- Feature on the film in Picture Show (12 November 1932)
- Directed by: Sinclair Hill Thorold Dickinson
- Written by: St. John Ervine (play) Peter Ellis Leslie Howard Gordon
- Produced by: Louis Zimmerman
- Starring: Henry Ainley Joan Barry Dorothy Dix Harold Huth
- Cinematography: Gunther Krampf
- Edited by: Thorold Dickinson
- Music by: Colin Wark
- Production company: Sterling Films
- Distributed by: Sterling Films
- Release date: April 1932;
- Running time: 95 minutes
- Country: United Kingdom
- Language: English

= The First Mrs. Fraser (1932 film) =

1932 film

The First Mrs. Fraser is a 1932 British musical romance film directed by Thorold Dickinson and Sinclair Hill and starring Henry Ainley, Joan Barry and Dorothy Dix. It was written by Peter Ellis and Leslie Howard Gordon, adapted from the 1929 play The First Mrs. Fraser by St. John Greer Ervine. It was made at Wembley Studios with sets designed by J. Elder Wills and Oscar Werndorff.

== Plot ==
James Fraser, after divorcing his first wife Janet, marries Elsie, but is unhappy.

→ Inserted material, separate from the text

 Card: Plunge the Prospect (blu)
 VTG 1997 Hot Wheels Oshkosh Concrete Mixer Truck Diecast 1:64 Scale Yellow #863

Elsie wants a divorce so as to marry Lord Larner but Fraser refuses and turns to Janet for advice, who subsequently finds Elsie is having an affaire with a gigolo. Janet forces Elsie to grant James a divorce, and Janet and James marry again.

== Cast ==
Source:
- Henry Ainley as James Fraser
- Joan Barry as Elsie Fraser
- Dorothy Dix as Janet Fraser
- Harold Huth as Mario
- Richard Cooper as Lord Larne
- Henry Charles Hewitt as Philip Logan
- Gibb McLaughlin as butler
- Hargrave Pawson as Ninian Fraser
- Millicent Wolf as Mabel
- Ellen Pollock as Maid
- Ivan Brandt as Murdo Fraser
- Oriel Ross as Connie
- Eileen Peel as Ellen Fraser
- Naunton Wayne as compere
- Frances Day as night-club singer
- Billy Cotton as himself
- Geraldo and his Gaucho Tango Orchestra as themselves

== Reception ==
The Daily Film Renter wrote: "Lavishly mounted and elaborately produced version of famous stage success. Picture which shows the large amount of money spent upon it. ... The defects of the film are the too 'refained' voices of the principals, and unnecessary tedium in many scenes which lose in dramatic value as a result. ... Sinclair Hill's direction, indeed, is hardly inspired; he has a tendency to allow scenes to rest too long, and should have speeded up action and dialogue, for it seems the big cast engaged really have no chance to shine as they undoubtedly should."

Picture Show wrote: "This film is a triumph for all concerned. No expense has been spared in making it, and the cabaret scenes are some of the finest and most lavish seen. The director has done an excellent piece of work and the cast is superb."